The Trump-Russia scandal feels like ancient history. But the truth still matters. And the narrative of what occurred remains fiercely contested, as advocates of the former president press the false claim that the entire scandal was a hoax fabricated by his foes.
A jury’s acquittal Tuesday of former Clinton campaign attorney Michael Sussmann, after just six hours of deliberation, on a charge he lied to the FBI in 2016 when he shared a tip about potential ties between the Trump campaign and Russia, was an embarrassing defeat for the three-year-plus investigation of special counsel John Durham. But it was also a blow against the attempt to rewrite history to vindicate the wild lies of a man who hopes to be elected president again.
Durham was first appointed by Attorney General William Barr in May 2019, just after Barr used lies to bury special counsel Robert Mueller’s report into Russian interference in the 2016 campaign. Durham’s charge was to investigate the origins of DOJ’s Russia investigation and determine if related intelligence collection was “lawful and appropriate.” (Barr gave Durham special counsel status in October 2020.) Durham has not identified any wrongdoing on that front. But by prosecuting Sussmann, his team cast a spotlight on the Clinton campaign ties to researchers who unearthed allegations about Trump, and seemed to deliberately release cherry-picked information intended to work up Trump backers.
The context is important here. By the time of Sussmann’s September 19, 2016, meeting with FBI General Counsel James Baker, allegations surrounding Trump and Russia were already a big deal. After Trump urged Russians to target Clinton’s emails, a group of cybersecurity researchers began looking into server data for possible covert communications between the Trump Organization and the Kremlin-connected Alfa Bank. Those researchers contacted Sussmann, who represented both the Clinton campaign and a tech executive involved in the organizing the research.

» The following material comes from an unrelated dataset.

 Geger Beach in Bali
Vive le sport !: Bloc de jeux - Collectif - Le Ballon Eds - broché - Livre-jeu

Sussmann helped the Clinton campaign try to get media coverage of the data. He also shared the data with the FBI. Durham’s entire case against Sussmann was based on an allegation that Sussmann lied in that meeting by stating that he was not representing a client: Clinton. Durham alleged that Sussmann wanted to prompt an FBI investigation into the server matter to make it more likely the press would report on it. The jury clearly didn’t buy this. Prosecutors failed to show anyone in Clinton’s camp directed Sussmann to contact the FBI. Nor was it clear Sussmann billed Clinton for the meeting. The case against Sussmann, as critics noted when he was charged, and a jury just confirmed, was strikingly weak.
So it is hard to avoid the conclusion that Sussmann’s case is a real example of what Trump and his cronies claimed the Mueller investigation was: a political prosecution.

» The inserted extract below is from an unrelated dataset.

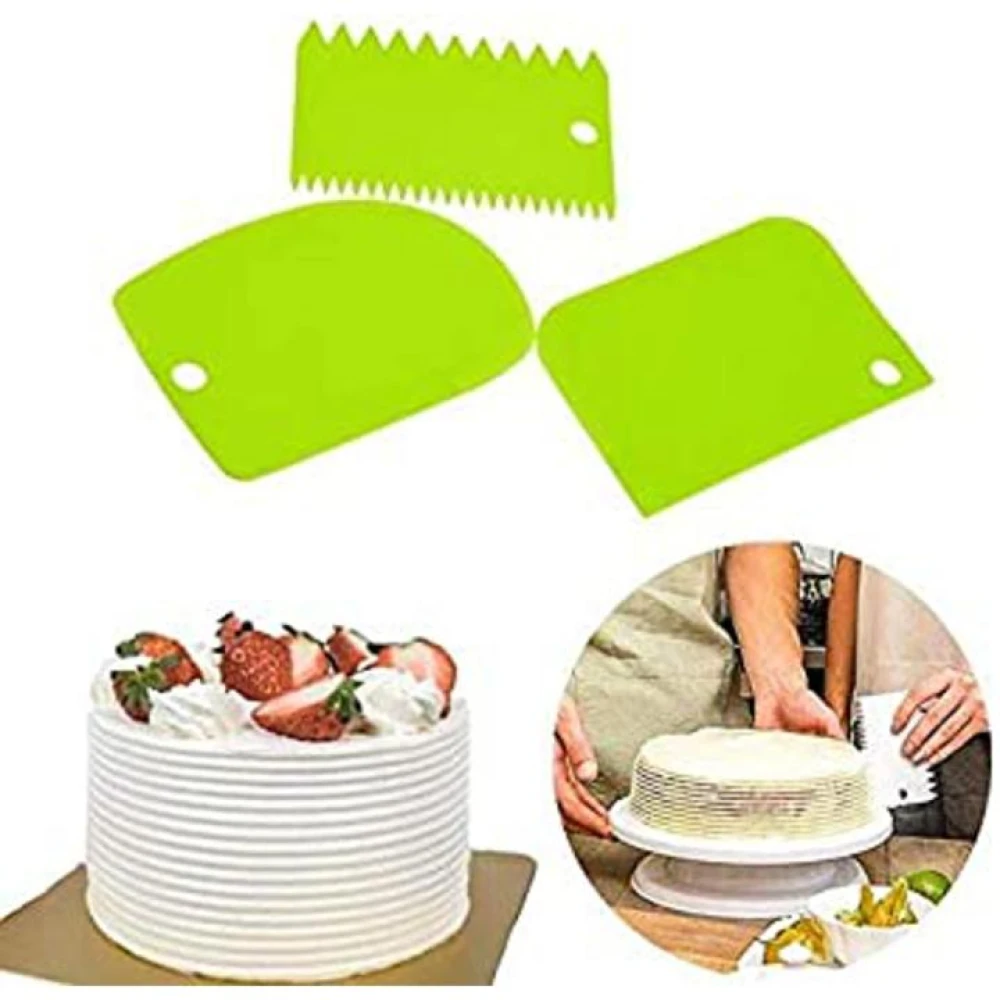 Cake Decorating Scraper Tools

Durham’s conduct since charging Sussmann has furthered this impression. In court filing in February, Durham indicated that the cyber researchers had also improperly shared data of Russian-made phones being used near the Trump White House in a spurious attempt to smear his administration. Trump and right wing press then declared, falsely, that this meant the Clinton campaign had paid researchers to spy on the Trump White House. (Actually, the cell phone data was gathered when Barack Obama was still president.) The judge in the case faulted Durham’s prosecutors, calling the cellphone data an unnecessary “sideshow,” prompting Durham to disavow the “spying” charges his motion had sparked.

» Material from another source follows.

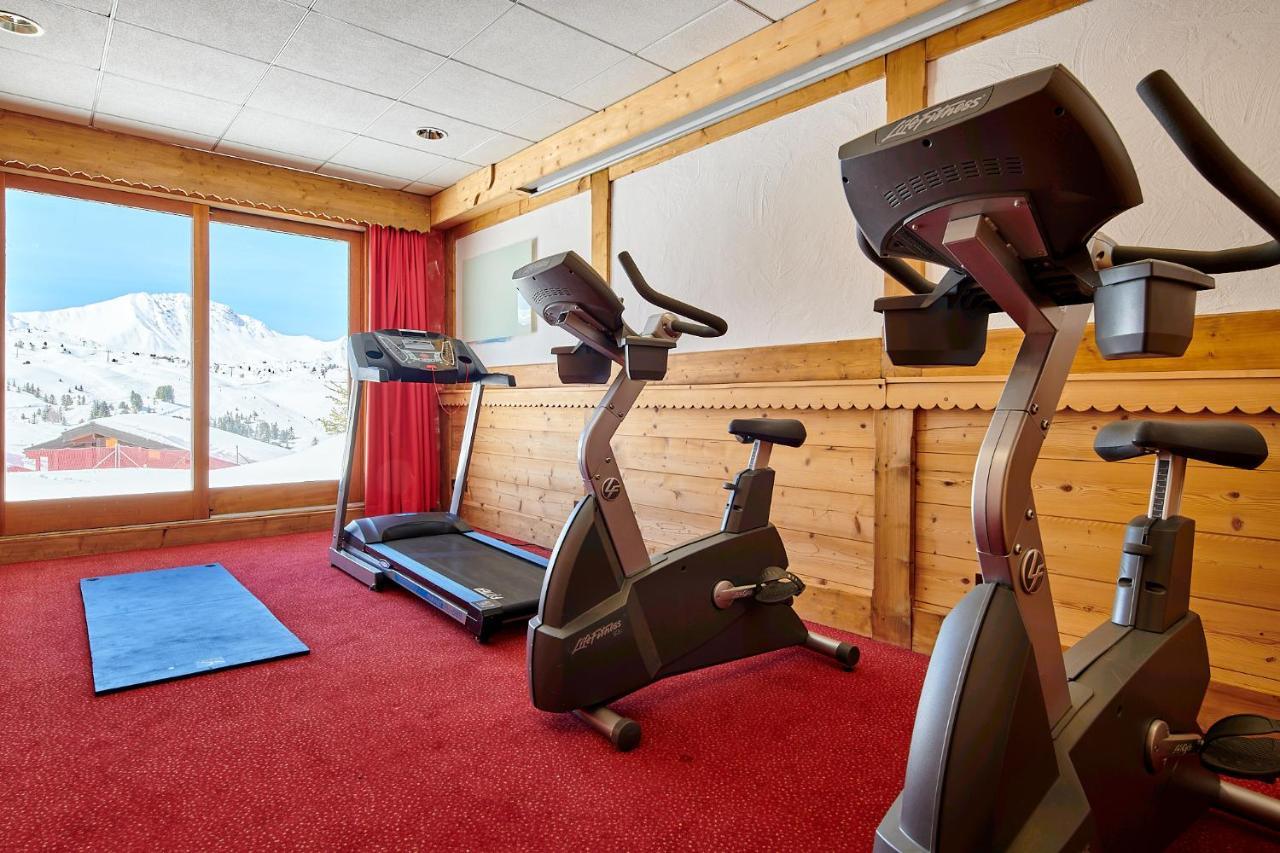 Hotel L'Eden Des Cimes - Vacances Bleues - Belle Plagne 2100 ลาปลาญ ภายนอก รูปภาพ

A bigger problem with Durham’s case is that the Alfa Bank server issue had no evident effect on the Russia investigation. The FBI, we know now, was already investigating Trump’s ties to Russia when Sussmann met with Baker. So the server connections didn’t cause the investigation. They in fact seem not to have factored into it at all. Special Counsel Robert Mueller never mentioned the server links. The Senate Intelligence Committee’s lengthy 2020 report devoted just a few paragraphs to the issue, and dismissed it: “The Committee did not find that the DNS activity reflected the existence of substantive or covert communications between Alfa Bank and Trump Organization personnel.” Even if Sussmann had been guilty of the charges against him, his tip had no impact.
All the exertions of Durham and Trump backers to suggest malfeasance in the origin of the Trump Russia investigation cannot alter what was found: Trump knowingly benefited from Russian efforts to interfere in US politics on his behalf. He lied extensively about his campaign’s ties to Russia, about the business interest he had in Russia, even as he publicly sucked up to Vladimir Putin. He obstructed justice to cover up his actions.
It’s true that suspicions of a more organized conspiracy, despite some unresolved evidence, have not been borne out. And early speculation that drew wide attention, including the server story, have gone unsubstantiated. Some claims were overhyped. But Donald Trump and his enablers are running a campaign to use this lack of a resolution, this muddle, and the human dislike of nuance, to declare he did nothing wrong at all when it comes to Russia. He will probably repeat this on the campaign trail. It is a lie, a false narrative. It took a hit Tuesday.